I had intended to write some merge articles for some time now which help to explain a little more about what goes on behind the scenes. So, this is the first in two or three articles just for merge geeks like myself :)

Merge replication has an internal mechanism for tracking changes to tables. This mechanism works behind the scenes on both the publisher and the subscribers and at synchronisation time all changes are determined and applied. Clearly this is not a simple process as only recent changes are applied ie only those changes made since the last synchronization. So, hidden in the metadata tables and system stored procedures there must be a means of tracking what has changed, when it changed and where it changed.

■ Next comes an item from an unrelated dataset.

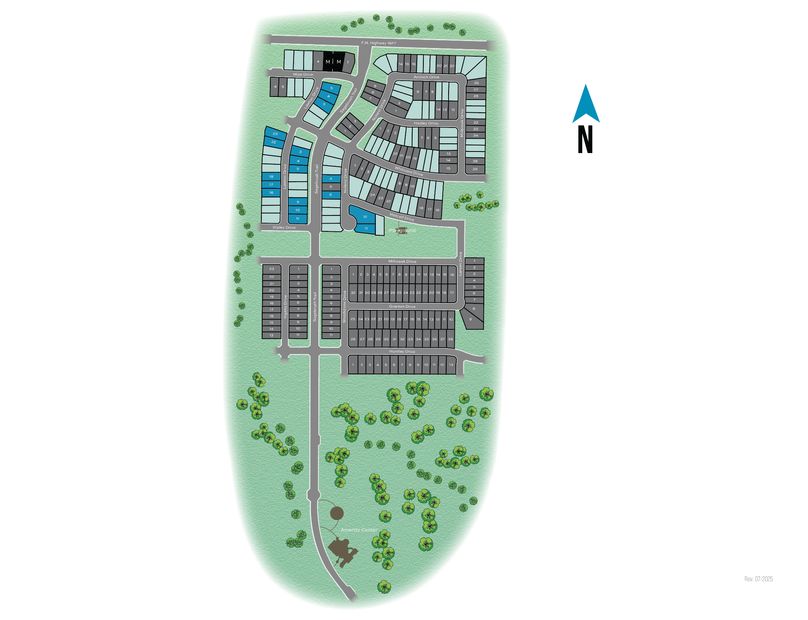 Mapa de la Comunidad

If we can understand how this is implemented, we could go on to write queries listing which changes are waiting to be applied before sync time. This is very useful information for us merge replication administrators as it allows us to predict timescales for synchronization and helps us understand how our data is changing. Such administrative info has been readily available in transactional replication using the system stored procedure sp_browsereplcmds and the view MSdistribution_status, but in merge replication there has so far been no equivalent system stored procedure or view. I had created a merge equivalent procedure a while ago (subsequently edited by Patrick Molijn and Daniel Kristensen) and posted it on this site, and this article will outline the key points I came across so you can create and tailor your own version of logging queries.

In order to automatically audit changes to published tables, merge replication uses triggers and system tables. As this article is focussing on change tracking, we’ll just look at the relevant tables for our use and leave out extraneous tables. Also, I’ll need to confine the article to non-filtered situations to make the article info more digestible!
 

How to find what has changed?

To log what was happening behind the scenes I created a table called tCompany and then merge replicated it. I don’t want this article to become a list of tables/procedures that are impossible to follow, so I’ll show how the setup exists in a little diagram:

Once I replicated the table “tCustomers” I looked at the subscriber. As usual, there was a new column added to the table called rowguid which contained a unique id for each row, and there were 3 triggers hanging off the table each having the name in a format: MSmerge_ins/upd/del_6B2966A1FADF41D2B40DF7F8EC131339. The strange looking number at the end represents the internal article id for the table tCustomers and to link this number to the table name you can look at the table sysmergearticles (select name, artid from sysmergearticles). The triggers perform a simple function – if a row is added or updated, the rowguid value is added to the MSmerge_contents table, while if a row is deleted, the rowguid is inserted into the MSmerge_tombstone table (and removed from MSmerge_contents if it exists there). The only tricky part is that these changes have to be grouped together. This is done by using something called a “generation” which is really just a container, and these generations are listed in MSmerge_genhistory. Hopefully you can already begin to guess at how some of this hangs together. If not, just consider the inserts and updates and this’ll hopefully make it clearer:

 

So, we now know how to find out which rows in tCustomers have changed and in which container they exist – we simply join the 3 tables above using the following type of query:

select tCustomers.* from tCustomers
inner join MSmerge_contents on tCustomers.rowguid = MSmerge_contents.rowguid
inner join MSmerge_genhistory on MSmerge_contents.generation = MSmerge_genhistory.generation

How to find just the Pending Changes?

However the query above is a fairly blunt instrument. It’ll work OK initially, but it’ll always report on ALL changes made to the published table. On a frequently changed table eventually it’ll return the entire table which is obviously pretty useless. In fact what you'll often see is it steadily increasing then going down to zero rows after the metadata is cleaned up. Anyway, what I want to achieve is a method of finding just the pending sync changes. For this we need to look a little more at the generation numbers. Changes are grouped into a generation, which is listed in the MSmerge_genhistory table. These generations are designated as ‘open’ (genstatus = 0) until the merge agent runs.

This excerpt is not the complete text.